Whether the death toll (which stood at six after two individuals statuses were changed to missing on Tuesday) would rise was unclear. “We hope the number stays down but I don’t know if that will happen,” Trost admitted. In Boulder County alone, she told me, 500 people originally listed as missing have been connected with their families. “We hope that’s the continuing trend,” she said.
Colorado residents hope so, too. Those still missing loved ones were waiting for a phone call, or word from the Red Cross’s safe and well page, which allows family and friends to search for loved ones who are missing.
But as the rescue operations continued for those trapped on mountainsides, some Colorado residents were fighting to stay where they were.
Repola was one of them. Despite local emergency management team's warning to evacuate, she and her neighbors came back, and they said they were staying put. “People are rugged in Estes Park,” she said. “These are tough old birds that use propane, have their own wells, and ride horseback to the grocery store. FEMA has no idea they’re dealing with mountain people.” Part of the concern of leaving their homes vacant is the prospect of looters. The other part is simple: they don’t want to. “A lot of them have just decided, ‘we’re not leaving,’” she said.
For a town like Estes Park, where a temporary ban on tourists by the National Guard will mean a crippling loss of revenue, local consumers will be critical. For business owners in downtown Estes, however, where nearly every building is flooded, there were even bigger problems. Megan Platz, Repola's daughter, works at a restaurant in Estes that flooded. Now they're paying her to rip up carpet. Still, despite the damage, some businesses are already open—hoping the town will soon allow tourists.

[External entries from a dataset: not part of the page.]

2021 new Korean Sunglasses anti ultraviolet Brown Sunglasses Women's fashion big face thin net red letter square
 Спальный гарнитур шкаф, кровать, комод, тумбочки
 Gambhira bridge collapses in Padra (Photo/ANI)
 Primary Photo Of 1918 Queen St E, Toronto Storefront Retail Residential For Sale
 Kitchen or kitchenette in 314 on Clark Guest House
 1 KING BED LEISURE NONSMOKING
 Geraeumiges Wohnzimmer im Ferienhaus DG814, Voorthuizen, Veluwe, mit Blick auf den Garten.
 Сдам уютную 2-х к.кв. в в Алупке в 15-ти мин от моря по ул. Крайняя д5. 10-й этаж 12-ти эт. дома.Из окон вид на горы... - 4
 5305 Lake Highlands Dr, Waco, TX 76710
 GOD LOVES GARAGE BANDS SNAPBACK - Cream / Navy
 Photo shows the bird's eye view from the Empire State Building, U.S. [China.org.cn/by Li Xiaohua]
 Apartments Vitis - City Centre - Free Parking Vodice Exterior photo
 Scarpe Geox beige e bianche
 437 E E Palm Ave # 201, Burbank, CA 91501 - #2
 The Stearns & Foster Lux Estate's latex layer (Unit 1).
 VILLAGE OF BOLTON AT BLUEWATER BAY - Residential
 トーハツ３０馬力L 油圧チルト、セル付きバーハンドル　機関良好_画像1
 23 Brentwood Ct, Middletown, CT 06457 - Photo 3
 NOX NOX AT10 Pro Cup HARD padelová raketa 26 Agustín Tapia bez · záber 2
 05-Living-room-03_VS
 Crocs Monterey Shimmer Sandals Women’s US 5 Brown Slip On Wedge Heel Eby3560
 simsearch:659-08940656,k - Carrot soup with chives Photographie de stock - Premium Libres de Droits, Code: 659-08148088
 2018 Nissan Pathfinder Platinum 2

In the midst of unfathomable destruction (and stench), Estes Park—and many more towns in Colorado—was standing strong. “There’s a lot of humor,” Elizabeth Repola said. “It’s an amazing community, and we’ve gotten to really know each other.” At the first Little Valley neighborhood meeting where they planned to have a discussion about the damage, she showed up to find a table filled with “more booze than a bar,” gathered by everyone in her neighborhood (most of whom are retired). A few days later, when construction workers patched together a makeshift bridge to save miles of hiking, the neighborhood repaid them with “the best food and drinks we had.” Now, utilizing the makeshift bridge regularly, the neighborhood has turned it into a beer toll booth (1 beer per trip).
Amy Ford, a spokeswoman for the Colorado Office of Transportation (CDOT), echoed Estes Park’s positive energy. “We have an extraordinary sense of urgency, especially for communities that only have one way in and out,” she said. Over the next few years, CDOT will orchestrate the restructuring of all roads, state highways, and interstates that have been damaged in Colorado. It’s a two-step process that will begin with quick, temporary fixes to roads then later, long-term rebuilding. With $5 million in funding from the Federal Highway Administration already awarded and an estimated $100 million from the transportation commission on its way, the recovery got off to a positive start. “Our goal is to get it done before the snow comes ... although it’s not unlikely to have snow in September,” she said. “Knowing our luck we would get a blizzard.”
Ford was aware of the short time table, but seemed optimistic that it could be done, repeatedly using the word “instantly” to describe when the work would begin. “We’re in a sprint right now,” she said of Colorado’s rescue and relief workers. “At some point we’ll shift to marathon speed. But for now, we’re running as fast as we can.”